Exactly. That's why forth works so well for them.
FORTH
More like the last time they were allowed to choose tech was before most of today's tech existed. Even SpaceX still uses Nazi nozzles that control the expanding gas despite the existence of aerospikes as no one in aerospace wants to take the risk to get a 1960s new tech to market.
youtube.com
Here's a video where guy shows how data can be treated as code Forth. It's an hour long, but I found it pretty fascinating.
I was interested in it for a long while, and it definitely helped me get a good grasp on low level matters (the stuff people recommend you learn C to get good at--which C hides and which C purists will tell you is not atoms made up of quarks held together by powerful forces but actually mere undefined behavior that releases nasal demons). I'd say that Forth is better than most languages, and that I'd still use it happily today--
if not for ML. If not for functors in OCaml, or dependent types and theorem proving in ATS.
if not for the 'community' being 95% deranged LARPers by population, and 100% (rounded up) deranged LARPers by output. When I thought they were merely deranged I could tolerate it. If they were wannabes like I assume many of you are here I would tolerate it.
would I recommend it? no. Forth is intrinsically a relatively hard language to do well in, because 1. to do it well you need to write lots and lots of small definitions, which need names, and 2. naming is the single hardest task in Computer Science (it's a joke but it's also true), and 3. Forth lacks a lot of visual cues that every other language has. You can't visually match parameters to functions. If you screw up the stack in a function, not only don't you know until shit breaks and you trace it back, but you can't easily see where you're affecting the stack - you have to start at the beginning and read through to each exit and maintain state while knowing what each word (with a name you hopefully remember--see #1 and #2) does with the stack. It's doable. I did it. It's objectively and materially a harder task than programming in another language, even before you get to the poverty of the community that has you writing all your own libraries and implementing your own hash tables (although see benefit: getting good at low level matters), or the compiler helping you with almost nothing.
if you do Forth anyway, fork over 100 USD and pick up iForth. It's really, exceptionally good (at everything except making tiny executables that exit really soon--ciforth and SwiftForth are the best at that). Use stack comments. Disregard anyone telling you to write Forth definitions like they're glossary entries, like in that one video. Give yourself a little bit of slack and use ALLOCATE and local variables every once in a while, or you'll burn out really fast and find yourself (God help you) writing Common Lisp or Haskell as a kind of retaliation against good sense and efficiency.
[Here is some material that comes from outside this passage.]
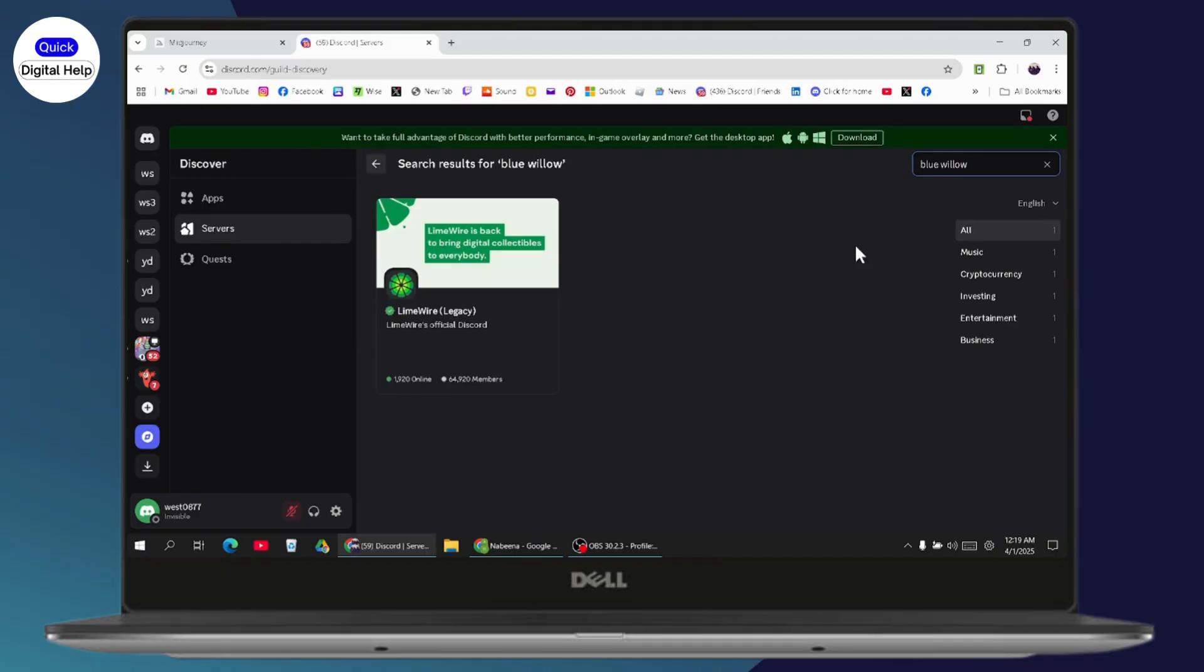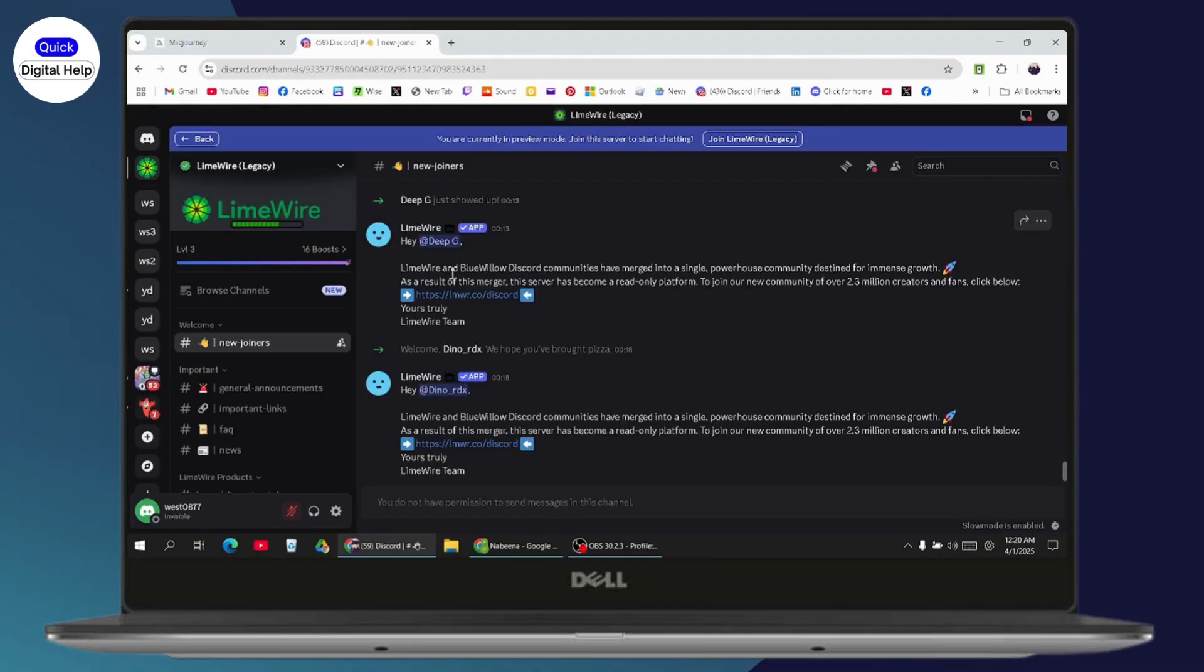Simply click on Blue Willow. You'll be able to see many rookies. You need to click on the rookie and enter the image prompt. Just click on Blue Willow.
Forth is best at linguistic extensions that feel natural, DSLs that feel natural, doing lots of work with the whole language at 'compile time' to take a load off of runtime (and off of human-reading time--better to PARSE and populate a table from a string than have a bunch of CHAR C C, CHAR O C, CHAR C C, CHAR K C, nonsense.)
Forth is more of a philosophy than a language. I think it's entirely useful to learn too, simply to get that mindset.
Read Jonesforth and Thinking Forth
for fuck's sake just name things f, g, h, f1, f2, f3 and have a shadow file like Forth used to be in the good old days
OP try using Retro Forth by crc
wat
A C compiler generates assembly the same way someone who knows assembly would. Forth generates something more like a bytecode vm with the bytecode mixed into the binary.
Oh, your head is full of fuck from Jew school. The reason why almost all famous programmers were self-taught before entering college isn't due to the head-start but that they knew enough to see this shit as poz when it was presented in class and easily resisted the infection.
Link us to some of your projects.
Forth is almost entirely unoptimized by compilers other than for attempting to combine words. Everything else is self-defeating as making optimized combinations of words would sacrifice the small binaries which are the only reason anyone ever used forth.
Weapons-grade smug seems to be a trait of memelangs.
It seems to me that FORTH has been getting increasing attention over the last couple of years due to its suitability on FPGA...
Indirect-threaded FORTHs do that.
Direct-thread, Subroutine, and Compilers don't have bytecode.
I'm not sure how direct thread changes that as it just removes a level of indirection as a trade of size for speed, it's still the same table dispatch design. There's an argument that either way it's not true bytecode as there's no translation, but imo that's really pedantic.